Some of the optimization algorithm that can be used for future works are as follows. Self-adaptive artificial fish swarm algorithm44, invasive weed optimization algorithm45, Robust bi‐level programming46, beam search algorithm47, Gradient-based grey wolf optimizer48. The basic components of BSC are illustrated by Osorio et al.57. Because of the unexpected increase in demand, it is also crucial to design a blood supply chain system49. For the emergency supply chain, several models have been put out in previous research. A brand-new theory on earthquake blood supply was put forth by Jabbarzadeh et al.1. Of fact, their primary goal was to reduce expenses. We shall explore a two-objective mathematical model whose component was time in Fahimnia et al.17. In the study of Zahiri and Pishvaee19, a model that reduces the supply chain's overall cost is demonstrated. Programming for several purposes was used to make this model. One of the most crucial elements in the sustainability of the blood supply was explored by Hosseinifard and Abbasi18 in relation to the effect of concentration on hospital stocks. According to their findings, fewer hospitals can help with transmission system flaws. For the design of the blood supply chain network, Cheraghi and Hosseini-Motlagh50 developed a mixed linear integer programming model. An automobile-selective routing model for blood collection was proposed by Sahinazan et al.51. Although there has been a lot of study on modeling, more has to be done on more useful models. For instance, no model can accurately depict how blood is transferred from the collection center to the major centers. These models for the blood supply chain can also take into account common decision-making processes, such as strategic, tactical, and operational planning52.

A problem is ultimately resolved utilizing the facts gathered and the best planned. The findings shown that we may meet this need for emergency blood while minimizing shortages and costs, and by building temporary and permanent facilities in selected places under various demand-related situations.
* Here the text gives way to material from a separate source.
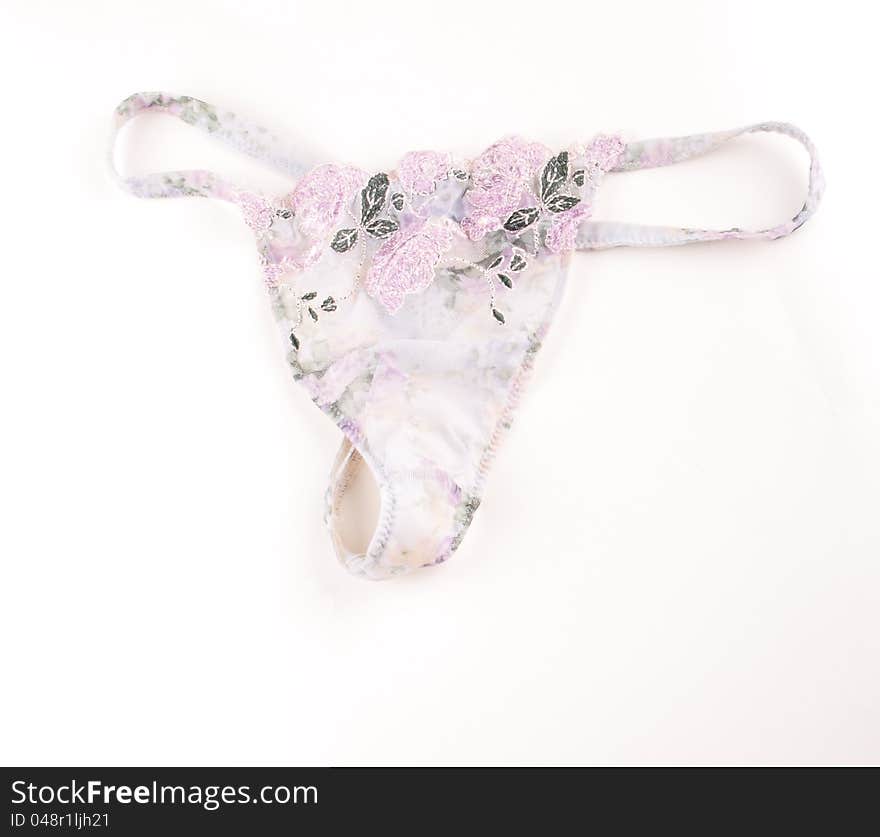 Colorful womans underwear on white. Colorful womans underwear on white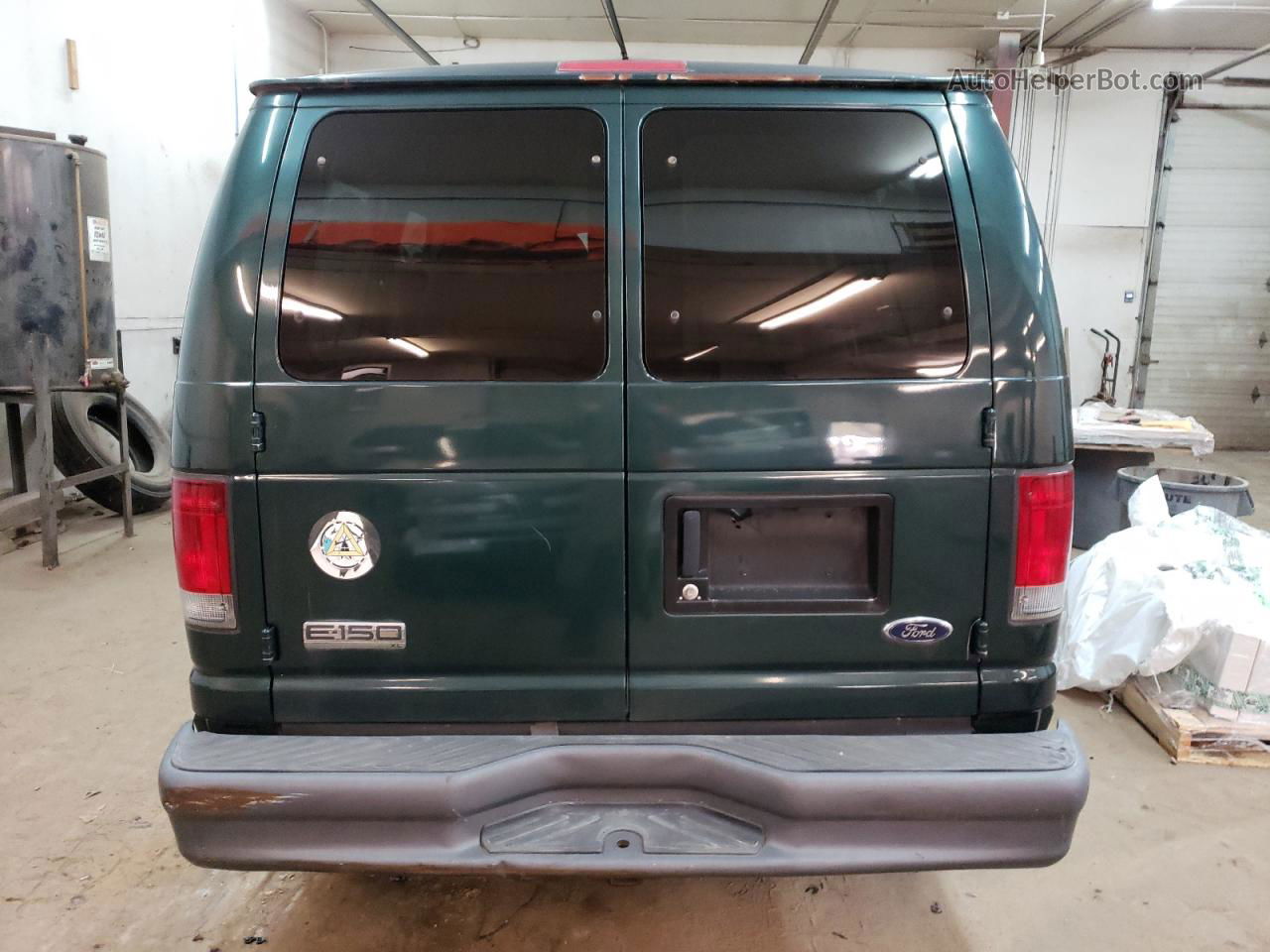 2007 Ford Econoline E150 Wagon Green vin: 1FMNE11W17DA78513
Better management and control as well. Additionally, different scenario analysis settings had an impact on this issue, and the model was then updated with the results.

Conclusions

Every year, numerous disasters affect regions across the globe, including earthquakes and floods. Given that individuals responsible for crisis management also oversee the lives of their citizens, managers in each country meticulously develop effective crisis management plans. This study examines the crisis supply chain in Kermanshah, one of Iran's earthquake-prone regions. Planning and preparedness are essential, as Iran ranks among the world's most disaster-prone nations. During emergencies, there is a critical need for blood products, in addition to supplying and distributing shelter, aid, and food supplies. The aim of this article is to devise a strategy for the prompt and efficient provision, processing, and distribution of blood. The challenges include determining the required number of temporary and permanent facilities and devising an optimal plan for blood preparation and distribution under varying conditions. This study employs a multifaceted linear programming model aimed at minimizing costs and disadvantages. The two objectives are in conflict; reducing one invariably diminishes the effectiveness of the other, with the deficit objective taking precedence due to its urgency and necessity. This consideration is integrated into the model-solving process. Additionally, Epsilon-constraint programming is used to find a multi-objective optimization solution. By considering three distinct scenarios, the study also attempts to align more closely with real-world situations. A case study was conducted in Kermanshah using actual data. The effectiveness of the approach is demonstrated through rapid problem-solving under various scenarios. Consequently, applying this method can be highly beneficial in emergency planning. Future work could explore the interactions between multiple echelons and facilities in uncertain environments, such as multi-echelons and multi-facilities, and utilize big data, blockchain, and other information technologies to predict and manage data in the blood supply chain.